Task prompt: Return the listing exactly, please; no pictures.

Information shown:

|---|

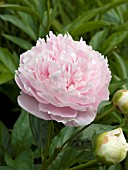 PAEONIA DRESDEN PINK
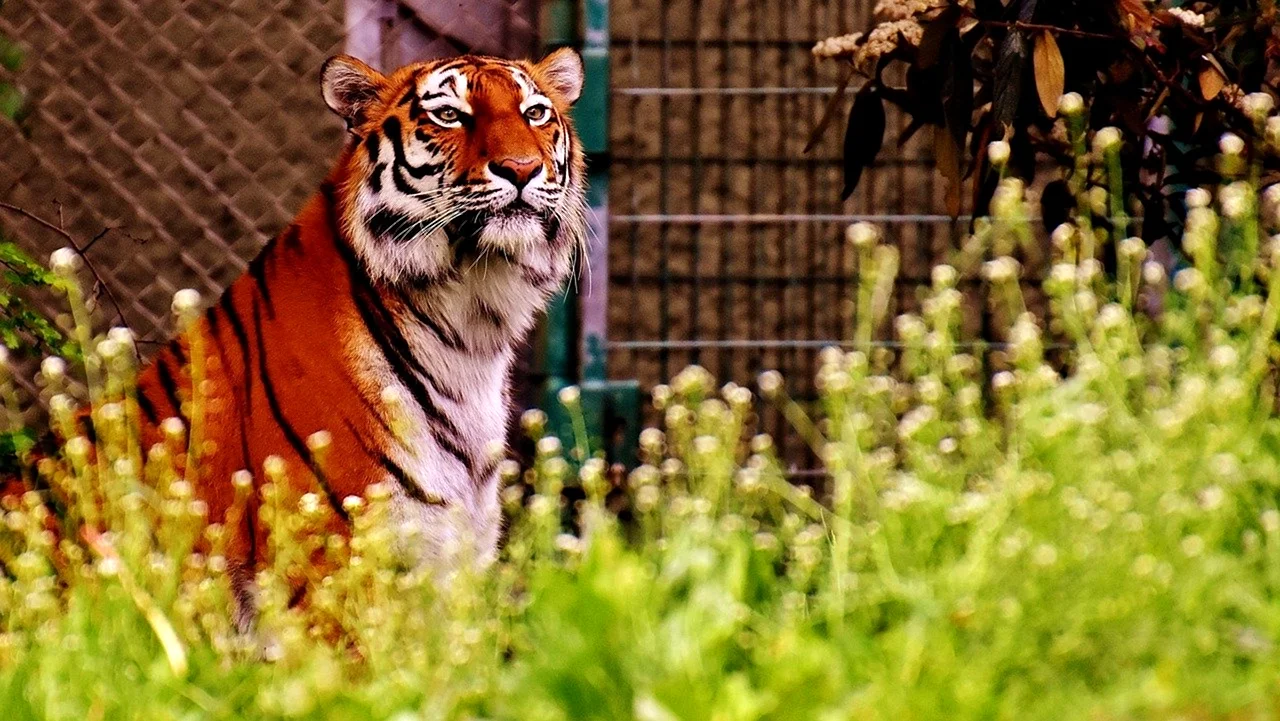 Тигр желтый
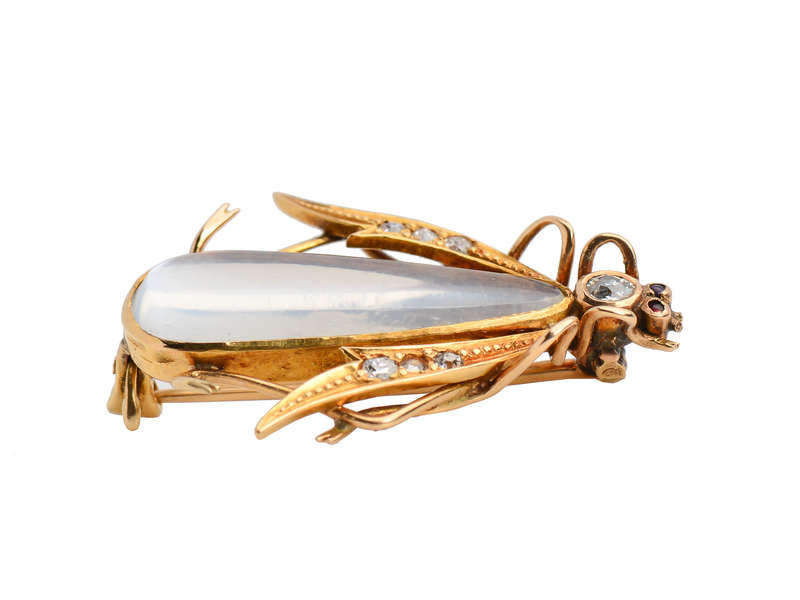 
                      
                        Antique Blue Moonstone Insect Brooch in Box
                      
                    
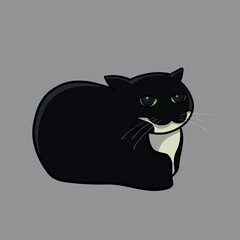 Black and white cat, illustration meme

|---|

Result for this task:
 PAEONIA DRESDEN PINK
 Тигр желтый
                      
                        Antique Blue Moonstone Insect Brooch in Box
                      
                    
 Black and white cat, illustration meme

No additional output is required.